■ **What you need to do**
The answer is the data below, repeated exactly, with no pictures included.

■ **Data shown**

········

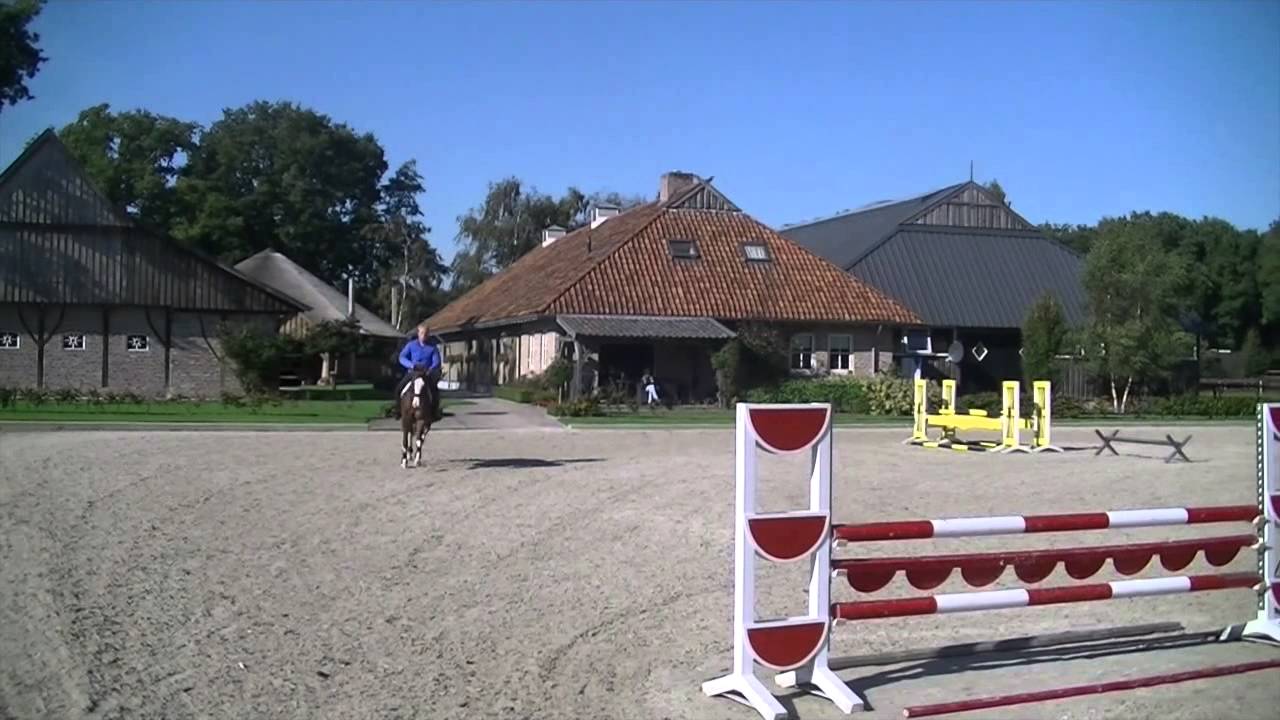 Grace, Carambole x Pythagoras (Sold)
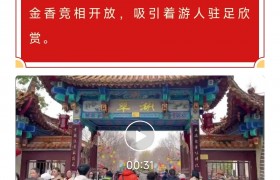 福暖五华年｜翠湖春色中，郁金香绽放年味浓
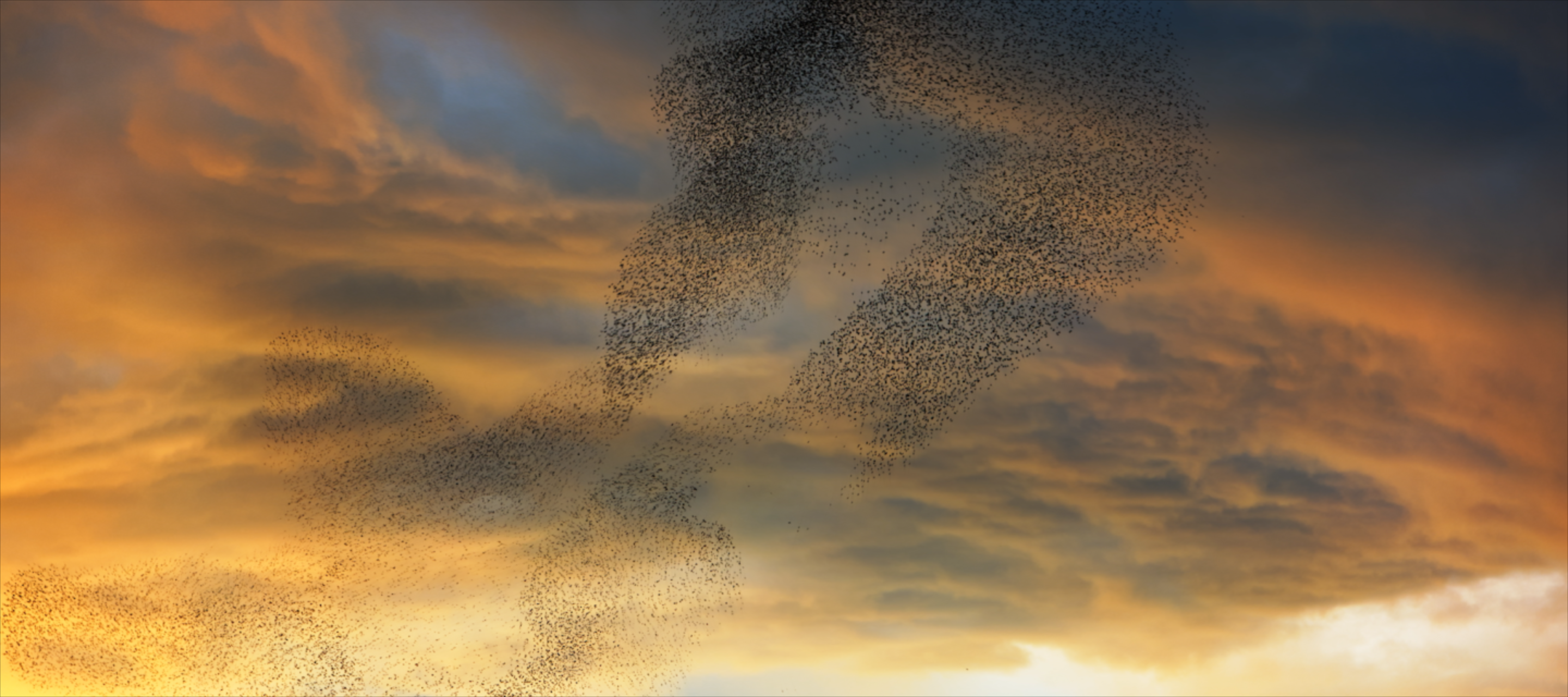 flock of birds flying together in sunset sky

········

■ **Exercise result**
 Grace, Carambole x Pythagoras (Sold)
 福暖五华年｜翠湖春色中，郁金香绽放年味浓
 flock of birds flying together in sunset sky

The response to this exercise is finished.